This is me in 1941 as a student in the French College in Sofia before our internment to Dupnitza.
As a child I went to a Jewish nursery school where I studied Hebrew. My sisters didn't go to kindergarten. We studied in a Bulgarian school in Sofia. Afterwards, I entered the 1st grade of the French College. My favorite subject was chemistry. I didn't have a favorite among the teachers because they were all very considerate and exceptionally tolerant. I only visited the religious classes in the Old Testament. All Jewish students in the college were exempt from the New Testament classes. If someone wanted to, they could go to those classes, but we didn't. We were friends with everybody, regardless of nationality. As for my spare time and friends, the times then were more patriarchal and my father was a strict man, so I mainly stayed at home. I didn't take part in the events of the Jewish youth organizations of the time.
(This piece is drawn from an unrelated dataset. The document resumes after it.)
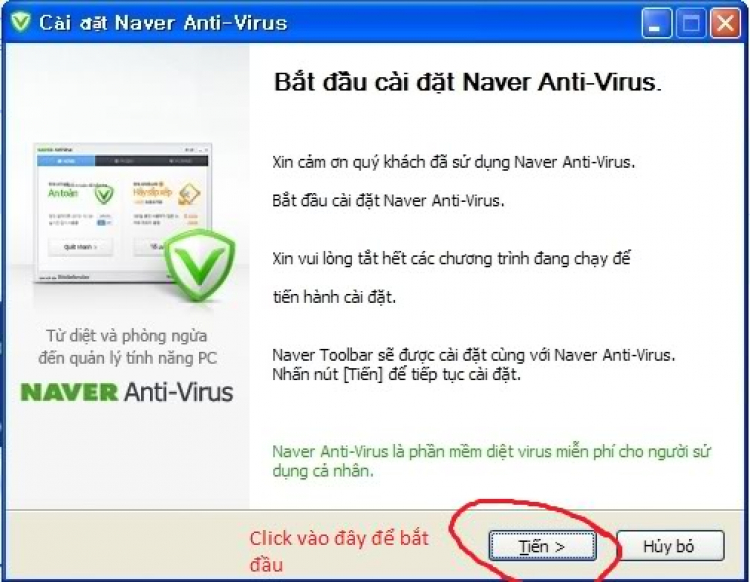 Download Naver Anti-virus- Phần mềm bản quyền Miễn phí - Hỗ trợ Từ Bitdefender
Although I was in the French College, I very much wanted to continue to study Hebrew and I enrolled in classes at the Jewish school, which were for people who didn't study there. But I only went a few times because the Defense of the Nation Act was passed. The rights of the Jewish population were limited and my parents forbade me to go there, as they were afraid that something bad might happen to me. Soon after that, the Jewish school was closed and all Hebrew lessons were stopped. I could only go to the regular school.